The IMGT/mAb-DB provides information about many therapeutic metadata. The ‘Specificity target name’ allows to select mAbs that bind to a particular antigen, for instance SARS-CoV-2. Results are returned in a table format, i.e. nine entries (eight mAbs and one CPCA) are shown for ‘Severe acute respiratory syndrome coronavirus 2 (SARS-CoV-2)’ specificity target query. The common name, the INN name and number, as well as the Proprietary name (when available) are listed in the first columns. Following AA sequence analysis by IMGT® experts, the molecule information as receptor type, IG species, IG class and subclass are shown within the table. A standardized graphical format of the molecule, based on antibody INN definition, that facilitates the visualization of the molecule, is available in the database. Links to AA sequences (IMGT/2Dstructure-DB) and 3D structures (IMGT/3Dstructure-DB) are shown. The gene name of the target is linked to HGNC or VGNC pages that assign standardized names and unique symbols to genes for human or vertebrate loci, respectively (11). Other therapeutic metadata such as ‘Company’, ‘Clinical trials’ and ‘Authority decisions’ are also accessible in the result table.
The therapeutic monoclonal antibody engineering field represents a real promising potential in medicine (46–48). The rich, precise and standardized information available via IMGT/mAb-DB provides a unique and useful resource to the scientific community.
CONCLUSION
IMGT® provides to the scientific community a huge amount of knowledge and curated data in the field of immunogenetics, from genome to proteome through IMGT databases, IMGT tools and IMGT Web resources, which represent >20 000 html pages. To our knowledge, the richness of the website is still unmatched in 2021. IMGT metadata in the IMGT databases, tools and Web resources are based on IMGT-ONTOLOGY, the first ontology in immunogenetics and immunoinformatics. IMGT research and development rely on three main axes which correspond to the deciphering of the IG and TR loci, genes and alleles in the genomes of jawed vertebrates (Axis I), the exploration of the expressed IG and TR repertoires (Axis II), and the analysis of the 2D and 3D structures of the adaptive immune proteins (Axis III).

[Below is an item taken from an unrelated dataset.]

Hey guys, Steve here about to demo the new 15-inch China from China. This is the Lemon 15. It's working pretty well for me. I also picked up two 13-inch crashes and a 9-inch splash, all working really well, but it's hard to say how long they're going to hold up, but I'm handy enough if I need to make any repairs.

We focussed on the most recent data integrated in IMGT/LIGM-DB and IMGT/GENE-DB, the extraction of the complete IG and TR loci from genome assemblies and on the creation of terminology and new concepts for their annotation. A new section in IMGT/GENE-DB was created to provide links between genes and alleles of the IG and TR loci and their localization in genome assemblies (for interoperability with genome sites). IMGT tools and IMGT reference directories for the analysis of expressed IG and TR repertoire are regularly updated. Regarding the importance of the chemical interactions in the antibody specificity, affinity and half-life, the IMGT/2Dstructure-DB, IMGT/3Dstructure-DB and IMGT/mAb-DB provide an integrated and standardized approach for the description of new engineered antibody formats. This approach can be used for the construction and expression of engineered antibodies towards targeted and customized therapy in the context of personalized medicine.

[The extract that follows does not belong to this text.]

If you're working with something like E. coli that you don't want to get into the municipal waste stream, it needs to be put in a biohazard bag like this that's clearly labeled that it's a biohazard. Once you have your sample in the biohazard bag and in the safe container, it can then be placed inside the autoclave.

The three IMGT axes are heavily interconnected and there is a constant flow of information among them. IMGT® is continuing the standardization efforts and the improvement of application of the FAIR principles (49) in order to enhance the quality, findability, accessibility, interoperability and reusability of IMGT data and metadata. To be Findable, IMGT databases use unique and persistent identifiers (IMGT/LIGM-DB, IMGT/2Dstructure-DB, IMGT/3Dstructure-DB and IMGT/mAb-DB) and are described with rich metadata based on IMGT-ONTOLOGY and IMGT Scientific chart rules. To be Accessible, IMGT data and metadata are freely available for academics. In addition, IMGT/GENE-DB can be dynamically queried through HTML direct links. To be Interoperable and Reusable, IMGT data and metadata have links to their sources and related databases, all IMGT sequence data are available in FASTA format, widely accepted by many bioinformatics programs and are described with their relevant attributes. Furthermore, the IMGT download sections for the IMGT reference directories ensure the follow up of new releases and facilitate the extraction and the reusability of the data by external tools.
DATA AVAILABILITY
IMGT® is freely available online for academics and non-profit use at http://www.imgt.org/. All the databases and tools referred to in this article are accessible from IMGT® webpage.
Supplementary Material
ACKNOWLEDGEMENTS
We are very grateful to Marie-Paule Lefranc, IMGT® founder in 1989, for her great expertise, daily assistance and continuous contribution to the research and development axes at IMGT®. We thank Gérard Lefranc and all members of the IMGT® team for their expertise and constant motivation. IMGT® is a registered trademark of CNRS. IMGT® is a member of the Confederation of Laboratories for Artificial Intelligence Research in Europe (CLAIRE), https://claire-ai.org/network/. IMGT® is a member of the International Medical Informatics Association (IMIA), https://imia-medinfo.org/wp/ and a member of the Global Alliance for Genomics and Health (GA4GH), https://www.ga4gh.org/. IMGT® is currently supported by the Centre National de la Recherche Scientifique (CNRS), the Ministère de l’Enseignement Supérieur, de la Recherche et de l’Innovation (MESRI), the University of Montpellier, and the French Infrastructure Institut Français de Bioinformatique (IFB) ANR-11-INBS-0013. IMGT® is a member of BioCampus https://www.biocampus.cnrs.fr/index.php/fr/, MabImprove https://mabimprove.univ-tours.fr/en/ and IBiSA https://www.ibisa.net/.
Contributor Information
Taciana Manso, IMGT®, the international ImMunoGeneTics Information System®, Scientific Research National Center (CNRS), Institute of Human Genetics (IGH), University of Montpellier (UM), Montpellier, France.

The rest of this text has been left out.